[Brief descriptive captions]

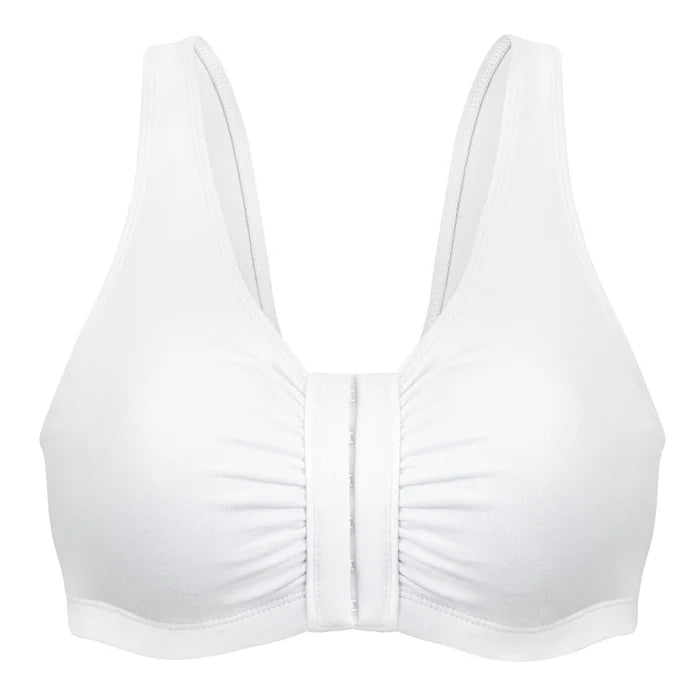 Comfortable Unlined Wireless Cotton Stretch Sports Bra with Front Closure - QC Supply - 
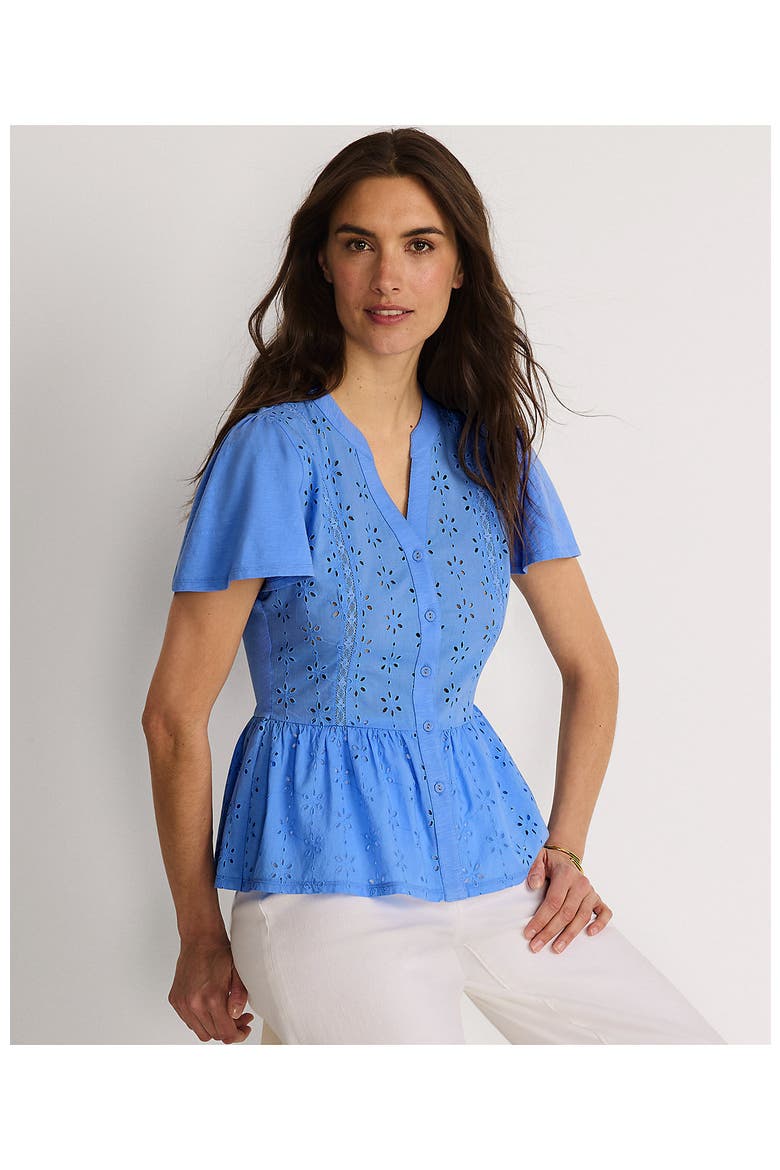 Short Sleeve Mixed Media Eyelet Top, Alternate, color, Crisp Blue
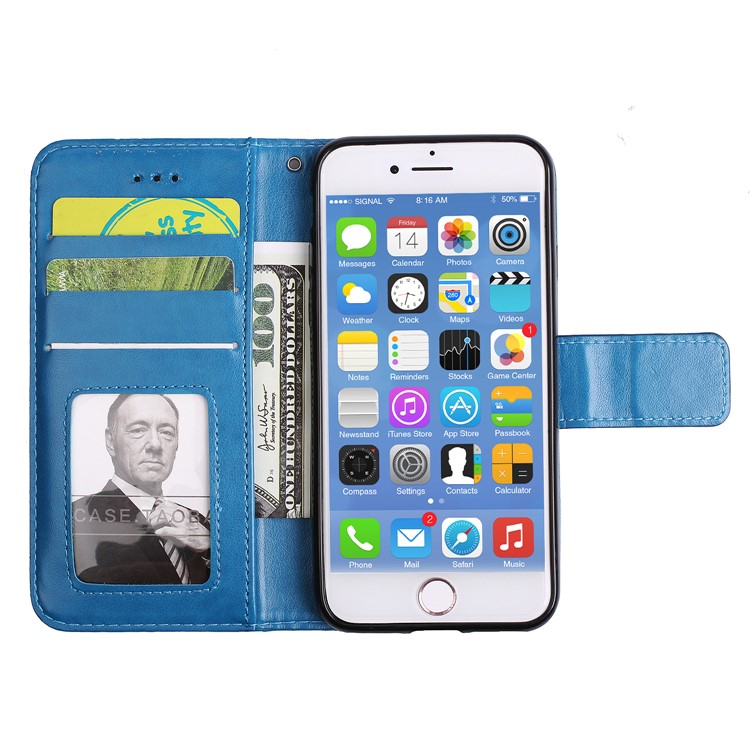 For iPhone 8 / 7 4.7 inch Imprint Henna Lotus Wallet Stand Leather Flip Case with Strap - Blue-5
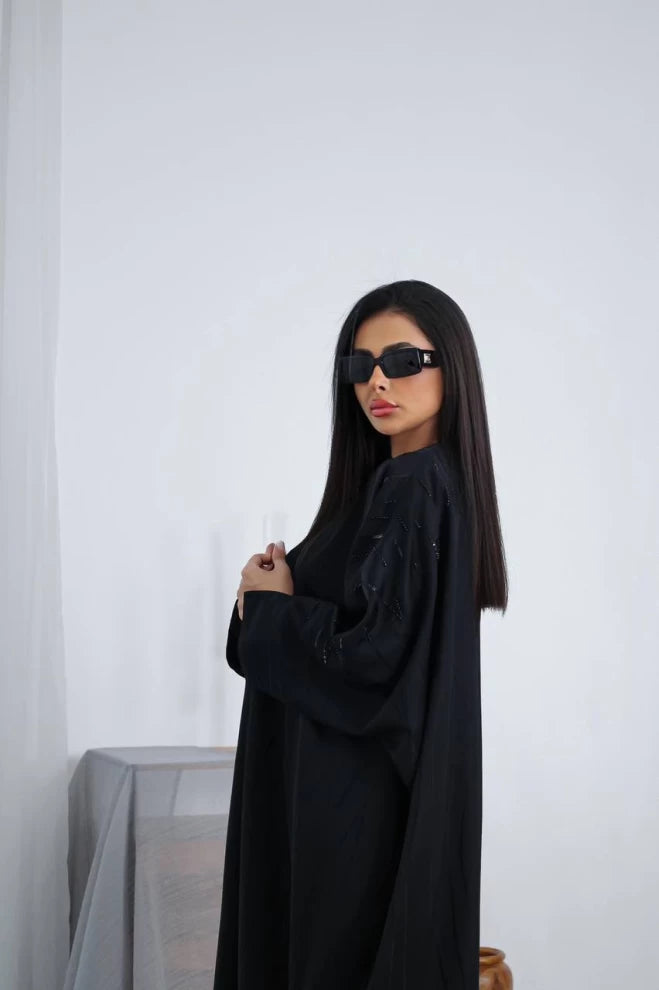 Silk Crepe Abaya with Hand Doubt IB160 Black (Free size)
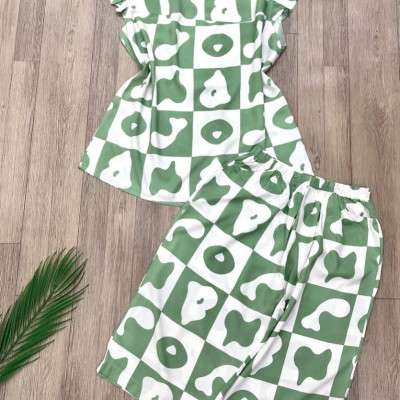 Đồ bộ nữ, đồ ngủ mặc nhà lửng tay cánh tiên vải lanh mềm ,mát BL 183 họa tiết dễ thương size 45-70kg.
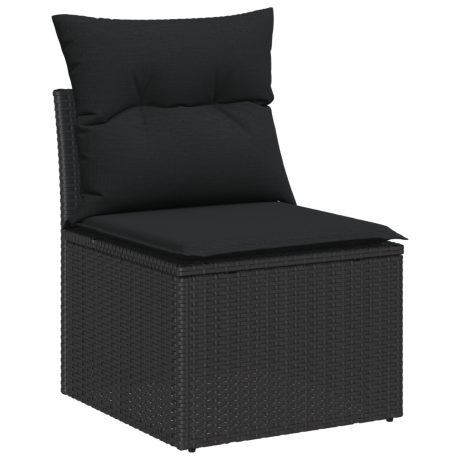 vidaXL 8-delige tuinset met kussens zwart poly rattan acacia afbeelding2 - 1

§ How to complete this task:
Up to and including the line containing "Silk Crepe Abaya", quote each line of the entries above from the very first, please, exactly and without images.

§ Response to the task:
 Comfortable Unlined Wireless Cotton Stretch Sports Bra with Front Closure - QC Supply - 
 Short Sleeve Mixed Media Eyelet Top, Alternate, color, Crisp Blue
 For iPhone 8 / 7 4.7 inch Imprint Henna Lotus Wallet Stand Leather Flip Case with Strap - Blue-5
 Silk Crepe Abaya with Hand Doubt IB160 Black (Free size)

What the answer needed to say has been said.